Liquidity
Liquidity
Cash generated by operations is used as our primary source of liquidity. As of December 27, 2008, we also had an investment portfolio valued at $14.5 billion, consisting of cash and cash equivalents and marketable debt instruments included in trading assets and short- and long-term investments.
Our investment policy requires all investments with original maturities of up to 6 months to be rated at least A-1/P-1 by Standard & Poor's/Moody's, and specifies a higher minimum rating for investments with longer maturities. For instance, investments with maturities of greater than three years require a minimum rating of AA-/Aa3 at the time of investment. Government regulations imposed on investment alternatives of our non-U.S. subsidiaries, or the absence of A rated counterparties in certain countries, result in some minor exceptions. Substantially all of our investments in debt instruments are with A/A2 or better rated issuers, and the majority of the issuers are rated AA-/Aa2 or better. Additionally, we limit the amount of credit exposure to any one counterparty based on our analysis of that counterparty's relative credit standing. As of December 27, 2008, the total credit exposure to any single counterparty did not exceed $500 million.

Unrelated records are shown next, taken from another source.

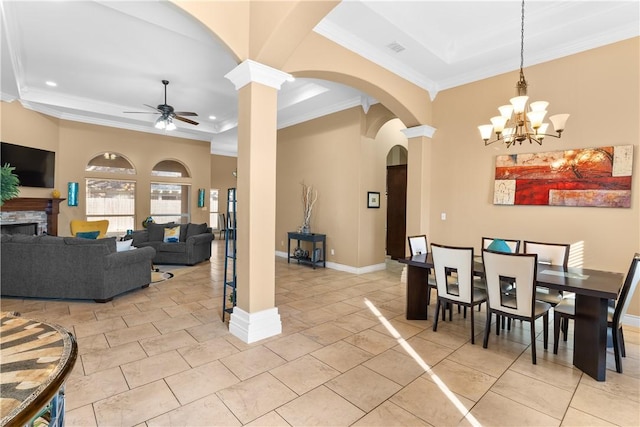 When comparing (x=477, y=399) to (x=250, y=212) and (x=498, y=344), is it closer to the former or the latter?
(x=498, y=344)

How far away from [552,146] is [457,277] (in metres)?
2.39

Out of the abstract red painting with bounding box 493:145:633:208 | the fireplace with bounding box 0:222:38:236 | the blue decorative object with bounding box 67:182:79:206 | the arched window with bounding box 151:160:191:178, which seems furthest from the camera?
the arched window with bounding box 151:160:191:178

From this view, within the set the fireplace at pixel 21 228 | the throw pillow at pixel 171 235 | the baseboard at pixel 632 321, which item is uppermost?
the fireplace at pixel 21 228

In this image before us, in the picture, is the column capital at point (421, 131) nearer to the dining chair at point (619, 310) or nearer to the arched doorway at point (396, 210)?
the arched doorway at point (396, 210)

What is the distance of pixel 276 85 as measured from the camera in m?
3.28

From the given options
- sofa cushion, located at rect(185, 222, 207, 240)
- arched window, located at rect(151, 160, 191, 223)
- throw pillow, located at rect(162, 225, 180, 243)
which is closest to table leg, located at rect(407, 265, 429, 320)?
sofa cushion, located at rect(185, 222, 207, 240)

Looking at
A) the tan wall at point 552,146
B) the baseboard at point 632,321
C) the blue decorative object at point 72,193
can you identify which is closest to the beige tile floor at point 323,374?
the baseboard at point 632,321

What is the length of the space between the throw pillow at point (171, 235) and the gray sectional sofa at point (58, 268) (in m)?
2.76

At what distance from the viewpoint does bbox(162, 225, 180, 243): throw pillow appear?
696cm

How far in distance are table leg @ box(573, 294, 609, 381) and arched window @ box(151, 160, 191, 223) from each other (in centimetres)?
933

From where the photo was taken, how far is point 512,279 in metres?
2.84

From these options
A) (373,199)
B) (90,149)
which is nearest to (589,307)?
(373,199)

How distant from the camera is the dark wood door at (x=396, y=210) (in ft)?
24.7

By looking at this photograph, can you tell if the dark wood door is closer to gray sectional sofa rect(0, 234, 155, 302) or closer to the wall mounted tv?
gray sectional sofa rect(0, 234, 155, 302) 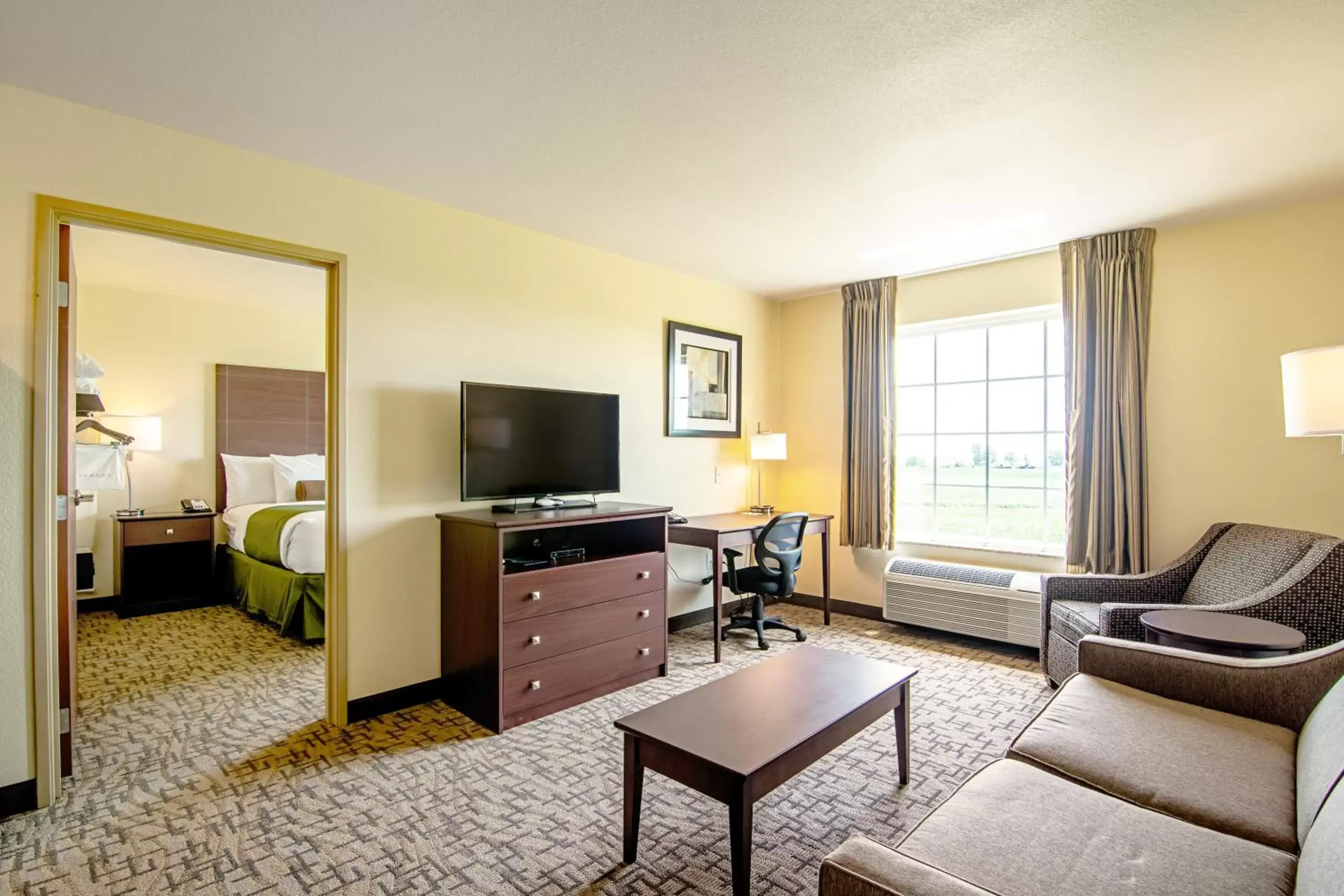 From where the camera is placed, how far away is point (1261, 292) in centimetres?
331

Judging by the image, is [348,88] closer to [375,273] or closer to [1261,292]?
[375,273]

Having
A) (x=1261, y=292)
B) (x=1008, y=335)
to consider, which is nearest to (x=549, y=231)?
(x=1008, y=335)

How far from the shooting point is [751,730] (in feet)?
6.25

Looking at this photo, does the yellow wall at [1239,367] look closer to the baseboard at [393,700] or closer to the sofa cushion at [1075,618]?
the sofa cushion at [1075,618]

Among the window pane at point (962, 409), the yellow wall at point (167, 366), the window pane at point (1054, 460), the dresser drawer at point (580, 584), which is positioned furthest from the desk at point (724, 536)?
the yellow wall at point (167, 366)

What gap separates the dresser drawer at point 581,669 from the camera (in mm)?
2879

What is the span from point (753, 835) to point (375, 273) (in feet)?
9.40

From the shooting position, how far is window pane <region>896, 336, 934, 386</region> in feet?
15.4

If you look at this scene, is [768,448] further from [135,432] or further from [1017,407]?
[135,432]

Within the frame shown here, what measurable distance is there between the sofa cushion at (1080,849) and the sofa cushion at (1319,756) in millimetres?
134

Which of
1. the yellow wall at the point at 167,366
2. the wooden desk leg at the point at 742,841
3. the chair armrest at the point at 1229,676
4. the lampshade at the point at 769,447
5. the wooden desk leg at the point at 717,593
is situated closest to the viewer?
the wooden desk leg at the point at 742,841

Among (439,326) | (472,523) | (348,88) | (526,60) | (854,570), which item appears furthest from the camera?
(854,570)

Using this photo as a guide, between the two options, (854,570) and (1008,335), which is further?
(854,570)

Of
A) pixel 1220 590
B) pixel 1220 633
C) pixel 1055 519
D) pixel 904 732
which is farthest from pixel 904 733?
pixel 1055 519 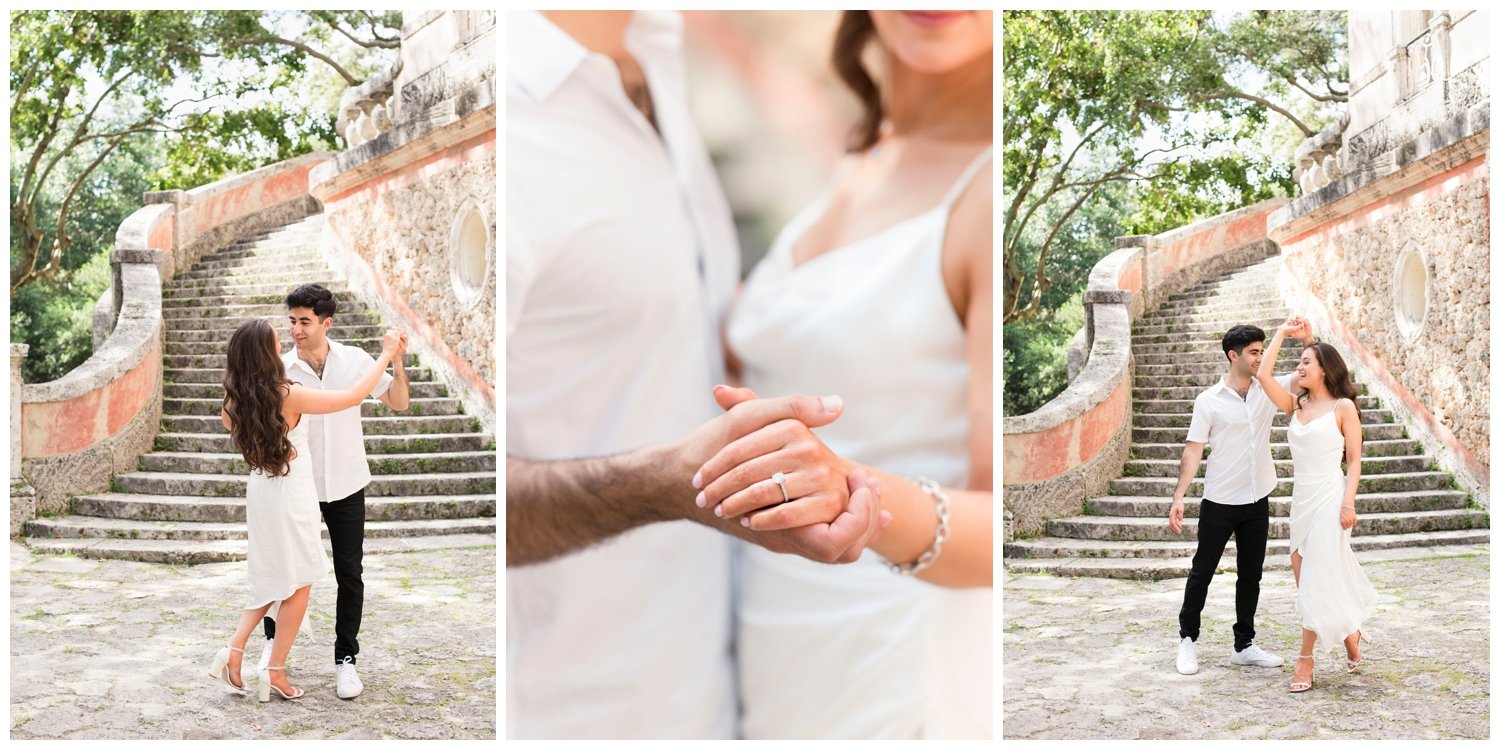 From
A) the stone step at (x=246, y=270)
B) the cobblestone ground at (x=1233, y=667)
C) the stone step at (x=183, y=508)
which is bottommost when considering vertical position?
the cobblestone ground at (x=1233, y=667)

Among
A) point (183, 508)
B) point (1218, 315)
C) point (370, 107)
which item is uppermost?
A: point (370, 107)

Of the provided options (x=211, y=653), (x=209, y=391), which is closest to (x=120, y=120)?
(x=209, y=391)

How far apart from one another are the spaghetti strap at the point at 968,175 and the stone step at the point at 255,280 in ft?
23.8

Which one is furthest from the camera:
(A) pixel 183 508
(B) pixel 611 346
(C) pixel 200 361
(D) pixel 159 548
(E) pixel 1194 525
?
(C) pixel 200 361

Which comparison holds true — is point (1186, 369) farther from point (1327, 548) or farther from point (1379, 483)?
point (1327, 548)

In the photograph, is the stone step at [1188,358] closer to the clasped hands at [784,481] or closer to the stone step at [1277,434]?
the stone step at [1277,434]

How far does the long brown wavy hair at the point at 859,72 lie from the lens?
2.25m

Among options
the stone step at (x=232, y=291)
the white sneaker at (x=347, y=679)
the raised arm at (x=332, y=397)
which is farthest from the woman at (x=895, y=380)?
the stone step at (x=232, y=291)

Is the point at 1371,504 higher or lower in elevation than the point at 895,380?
lower

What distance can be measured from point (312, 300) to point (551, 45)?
1.53 metres

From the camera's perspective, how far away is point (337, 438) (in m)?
3.41

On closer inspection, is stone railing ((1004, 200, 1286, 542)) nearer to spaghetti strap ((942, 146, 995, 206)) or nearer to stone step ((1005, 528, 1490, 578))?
stone step ((1005, 528, 1490, 578)) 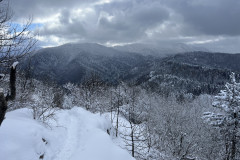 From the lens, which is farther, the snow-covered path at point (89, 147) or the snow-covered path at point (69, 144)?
the snow-covered path at point (69, 144)

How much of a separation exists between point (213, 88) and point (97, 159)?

Credit rating criteria for derivative instruments are similar to those for other investments. The amounts subject to credit risk related to derivative instruments are generally limited to the amounts, if any, by which a counterparty's obligations exceed our obligations with that counterparty, because we enter into master netting arrangements with counterparties when possible to mitigate credit risk in derivative transactions subject to International Swaps and Derivatives Association, Inc. (ISDA) agreements.
The credit quality of our investment portfolio remains high during this difficult credit environment, with other-than-temporary impairments on our available-for-sale debt instruments limited to $44 million during 2008. In addition, we continue to be able to invest in high-quality investments. However, we have seen a reduction in the volume of available commercial paper from certain market segments. As a result, our investments in short-term government funds have increased, which will reduce our average investment return. With the exception of a limited amount of investments for which we have recognized other-than-temporary impairments, we have not seen significant liquidation delays, and for those that have matured we have received the full par value of our original debt investments. We have the intent and ability to hold our debt investments that have unrealized losses in accumulated other comprehensive income for a sufficient period of time to allow for recovery of the principal amounts invested, which may occur at or near the maturity of those investments.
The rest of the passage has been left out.